---------- AVAILABLE RECORDS ----------
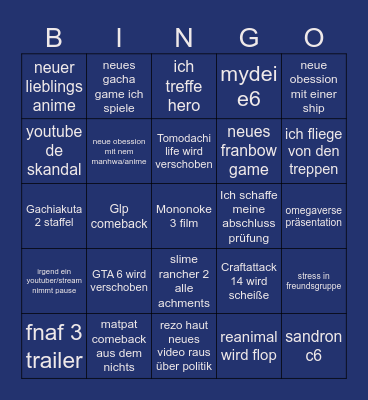 Bingo 2026 von maki Bingo Card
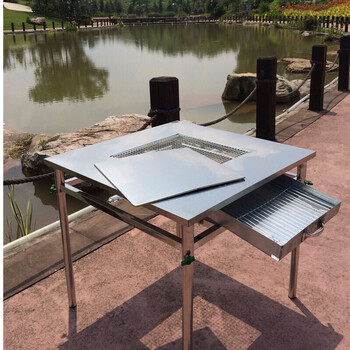 自助烧烤桌多功能户外木炭烧烤炉架桌商用不锈钢无烟带烤网一体桌 长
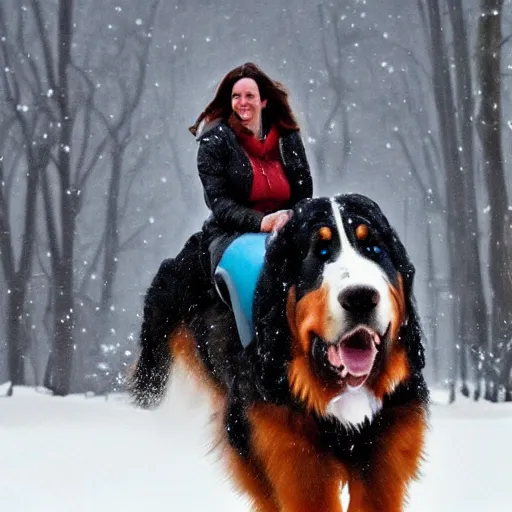 Image similar to girl riding giant Bernese Mountain Dog in the snow, trending on artstation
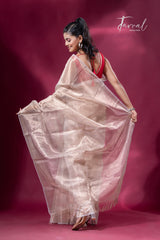 Handloom Tissue Cream Organza Silk Saree6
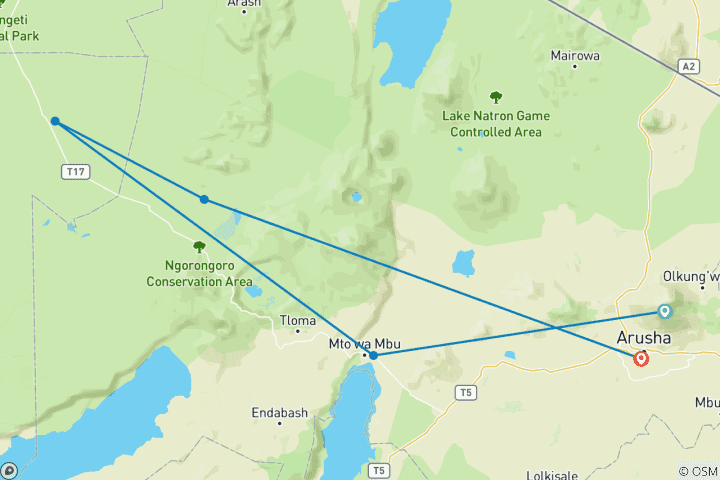 Map of Get Your World's Top Best 4-Day Budget Group Safari Guide From Nairobi to Serengeti & Ngorongoro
----------
WHAT IS NEEDED —
What is needed is a word-for-word copy of the data above, free of any images.

RESPONSE TO THE EXERCISE —
 Bingo 2026 von maki Bingo Card
 自助烧烤桌多功能户外木炭烧烤炉架桌商用不锈钢无烟带烤网一体桌 长
 Image similar to girl riding giant Bernese Mountain Dog in the snow, trending on artstation
 Handloom Tissue Cream Organza Silk Saree6
 Map of Get Your World's Top Best 4-Day Budget Group Safari Guide From Nairobi to Serengeti & Ngorongoro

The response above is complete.